Two thousand parents in Spain demand leaders hold meeting to discuss ‘Education for the Citizenry’


Representatives of more than 2,000 families have demanded a meeting with government officials in Castilla y Leon to discuss their concerns over the classroom course, Education for the Citizenry, after the regional school board refused to meet with them.

Last month, various family organizations that objected to the contents of the course requested an urgent meeting with the Board of Education.

After receiving no response they made their request again ten days later, saying that their intention was to find a compromise in between the conflicting ideas of the families and state’s ideological agenda.

According to Marisa Perez Toribio, who represents one parental organization, meetings with the Board of Education in 2008 yielded no results because the board refused to accept any of the solutions put forth by parents, in contrast with other communities in Spain under the control of the Popular Party that have offered parents alternatives and have evaluated students who have sat out of the course on a case-by-case basis.

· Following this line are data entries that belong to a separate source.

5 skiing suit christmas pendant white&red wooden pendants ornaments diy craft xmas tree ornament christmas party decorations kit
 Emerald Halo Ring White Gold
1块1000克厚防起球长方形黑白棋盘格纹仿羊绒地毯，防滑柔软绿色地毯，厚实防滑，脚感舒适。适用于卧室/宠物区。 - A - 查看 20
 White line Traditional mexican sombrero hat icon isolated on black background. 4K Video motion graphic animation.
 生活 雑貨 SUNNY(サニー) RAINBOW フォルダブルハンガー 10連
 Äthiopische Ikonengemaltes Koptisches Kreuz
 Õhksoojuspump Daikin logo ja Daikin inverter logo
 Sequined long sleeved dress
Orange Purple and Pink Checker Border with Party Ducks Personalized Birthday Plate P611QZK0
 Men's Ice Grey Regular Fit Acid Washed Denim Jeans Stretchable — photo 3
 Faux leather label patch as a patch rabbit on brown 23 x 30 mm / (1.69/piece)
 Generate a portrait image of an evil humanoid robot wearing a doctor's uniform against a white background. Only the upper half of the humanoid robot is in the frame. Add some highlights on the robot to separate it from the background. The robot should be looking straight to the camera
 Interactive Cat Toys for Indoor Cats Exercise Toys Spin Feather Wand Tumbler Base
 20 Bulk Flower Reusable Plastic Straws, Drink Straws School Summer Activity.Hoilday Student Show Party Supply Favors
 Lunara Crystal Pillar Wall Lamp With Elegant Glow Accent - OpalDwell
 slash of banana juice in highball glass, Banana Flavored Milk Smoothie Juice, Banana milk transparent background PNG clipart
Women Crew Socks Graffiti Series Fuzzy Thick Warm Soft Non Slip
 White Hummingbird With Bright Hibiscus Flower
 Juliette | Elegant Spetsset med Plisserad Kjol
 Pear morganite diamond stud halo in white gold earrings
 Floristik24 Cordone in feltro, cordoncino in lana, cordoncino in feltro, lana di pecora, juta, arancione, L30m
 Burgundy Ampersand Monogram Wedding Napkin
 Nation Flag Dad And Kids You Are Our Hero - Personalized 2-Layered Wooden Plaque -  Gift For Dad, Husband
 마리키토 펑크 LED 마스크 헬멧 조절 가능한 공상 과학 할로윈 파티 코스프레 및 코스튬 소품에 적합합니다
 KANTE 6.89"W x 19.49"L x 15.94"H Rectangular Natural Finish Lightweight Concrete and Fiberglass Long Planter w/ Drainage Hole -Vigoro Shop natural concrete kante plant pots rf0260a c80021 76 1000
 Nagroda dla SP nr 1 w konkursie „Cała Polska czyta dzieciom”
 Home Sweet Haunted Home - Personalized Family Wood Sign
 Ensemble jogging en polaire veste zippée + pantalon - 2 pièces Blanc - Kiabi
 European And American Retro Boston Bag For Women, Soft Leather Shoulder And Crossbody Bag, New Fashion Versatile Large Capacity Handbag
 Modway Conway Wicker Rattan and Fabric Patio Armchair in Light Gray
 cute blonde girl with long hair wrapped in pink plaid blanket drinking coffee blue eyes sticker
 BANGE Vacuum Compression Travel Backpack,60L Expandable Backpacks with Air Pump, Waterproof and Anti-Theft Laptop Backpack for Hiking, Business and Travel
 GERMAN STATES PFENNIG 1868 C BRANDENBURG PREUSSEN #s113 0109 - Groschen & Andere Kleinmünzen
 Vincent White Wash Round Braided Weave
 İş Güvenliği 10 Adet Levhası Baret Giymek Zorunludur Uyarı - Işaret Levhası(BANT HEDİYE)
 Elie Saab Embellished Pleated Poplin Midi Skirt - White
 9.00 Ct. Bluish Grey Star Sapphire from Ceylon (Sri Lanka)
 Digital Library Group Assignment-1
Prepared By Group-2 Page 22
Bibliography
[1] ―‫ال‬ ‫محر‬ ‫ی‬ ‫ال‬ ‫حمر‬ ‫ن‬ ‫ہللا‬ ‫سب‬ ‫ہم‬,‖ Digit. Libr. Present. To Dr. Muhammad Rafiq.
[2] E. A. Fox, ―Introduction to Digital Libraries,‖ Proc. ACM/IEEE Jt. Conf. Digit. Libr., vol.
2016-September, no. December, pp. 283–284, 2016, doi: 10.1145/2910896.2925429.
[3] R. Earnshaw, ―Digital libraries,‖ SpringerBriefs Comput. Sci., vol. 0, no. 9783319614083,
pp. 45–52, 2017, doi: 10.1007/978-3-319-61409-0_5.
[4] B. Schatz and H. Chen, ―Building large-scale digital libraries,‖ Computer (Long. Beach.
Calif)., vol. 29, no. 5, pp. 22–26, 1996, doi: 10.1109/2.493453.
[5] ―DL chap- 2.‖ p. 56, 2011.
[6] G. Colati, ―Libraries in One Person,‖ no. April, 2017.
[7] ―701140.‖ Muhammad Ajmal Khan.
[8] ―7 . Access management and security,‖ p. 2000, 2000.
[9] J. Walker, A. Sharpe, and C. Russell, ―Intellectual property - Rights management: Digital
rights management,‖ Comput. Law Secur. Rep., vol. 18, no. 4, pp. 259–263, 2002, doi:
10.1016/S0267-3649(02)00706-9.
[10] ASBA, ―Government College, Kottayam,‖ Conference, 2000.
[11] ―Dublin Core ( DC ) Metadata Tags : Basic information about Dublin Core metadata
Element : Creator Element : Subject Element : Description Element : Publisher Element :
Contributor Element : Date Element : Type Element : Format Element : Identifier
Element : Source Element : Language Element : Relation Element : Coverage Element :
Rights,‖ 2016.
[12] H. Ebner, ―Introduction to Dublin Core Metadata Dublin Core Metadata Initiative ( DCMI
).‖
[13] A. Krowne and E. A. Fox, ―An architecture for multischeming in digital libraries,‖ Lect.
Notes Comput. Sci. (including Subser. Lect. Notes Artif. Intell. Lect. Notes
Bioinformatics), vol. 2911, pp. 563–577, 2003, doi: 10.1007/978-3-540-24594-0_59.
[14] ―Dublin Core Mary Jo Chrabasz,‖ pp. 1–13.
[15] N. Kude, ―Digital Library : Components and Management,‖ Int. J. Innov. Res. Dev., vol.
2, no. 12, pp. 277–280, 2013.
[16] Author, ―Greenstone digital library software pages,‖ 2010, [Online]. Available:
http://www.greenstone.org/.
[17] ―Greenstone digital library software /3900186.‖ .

"Solutions exist, and the Board has the power to adopt measures that will resolve the conflict," Perez Toribio said.  "Again, we don’t understand the position of the board. In response to this refusal by the board, the representatives of parents have turned to the president of Castilla y Leon to explain these issues directly to him," she said.

"There is nothing we parents want more than to see our kids rejoin their classes as normal, but they will not do so as long as we do not have guarantees that this course is not going to be used to impose its objectives, content and way of thinking, and its concrete moral and ideological concepts, on our children.  This is something the schools cannot do, as the recent ruling by the Supreme Court has made clear," Perez Toribio stated.